TASK BRIEF | Write out the records below exactly as they appear, skipping each picture.

SUPPLIED DATA |
=== Section Start ===

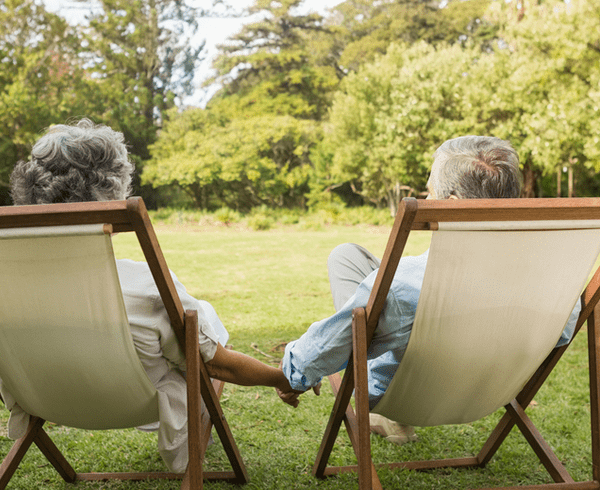 Senior couple sitting in garden holding hands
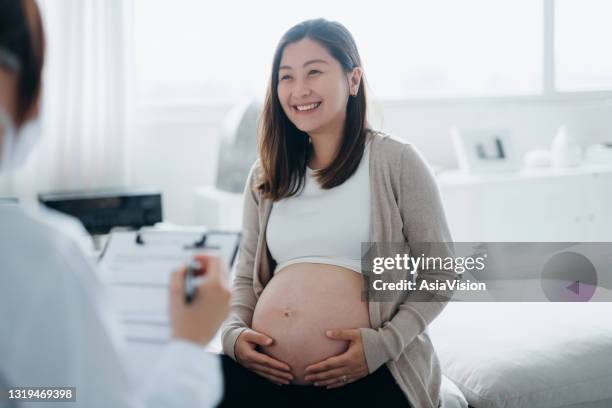 smiling young asian pregnant woman having a consultation with a female doctor during her routine check up at a clinic. check-ups, tests and scans to ensure a healthy pregnancy for both mother and the unborn baby. healthy pregnancy lifestyle - asian pregnancy stock pictures, royalty-free photos & images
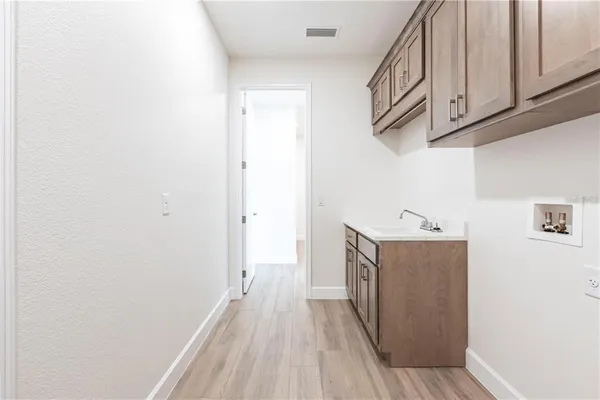an aerial view of a house with a garden and lake view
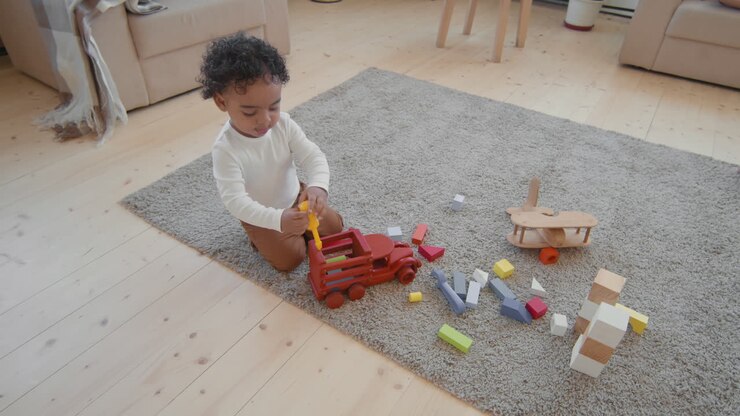 Cute Baby Boy Playing with Toys on Floor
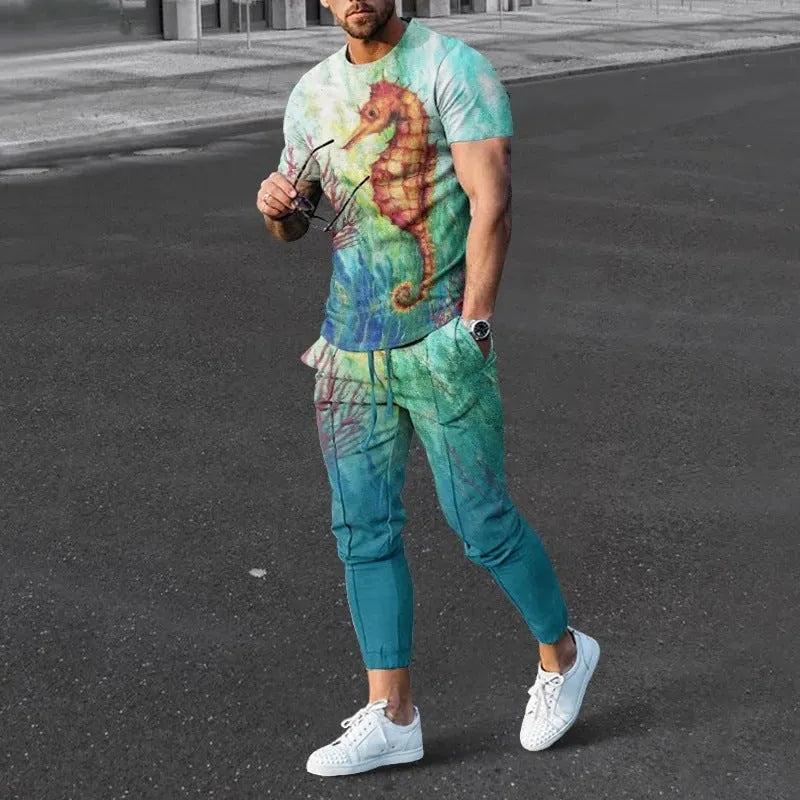 Men's grey printed short-sleeved tracksuit top and trousers laid flat.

=== Section End ===

RESPONSE BELOW |
 Senior couple sitting in garden holding hands
 smiling young asian pregnant woman having a consultation with a female doctor during her routine check up at a clinic. check-ups, tests and scans to ensure a healthy pregnancy for both mother and the unborn baby. healthy pregnancy lifestyle - asian pregnancy stock pictures, royalty-free photos & images
an aerial view of a house with a garden and lake view
 Cute Baby Boy Playing with Toys on Floor
 Men's grey printed short-sleeved tracksuit top and trousers laid flat.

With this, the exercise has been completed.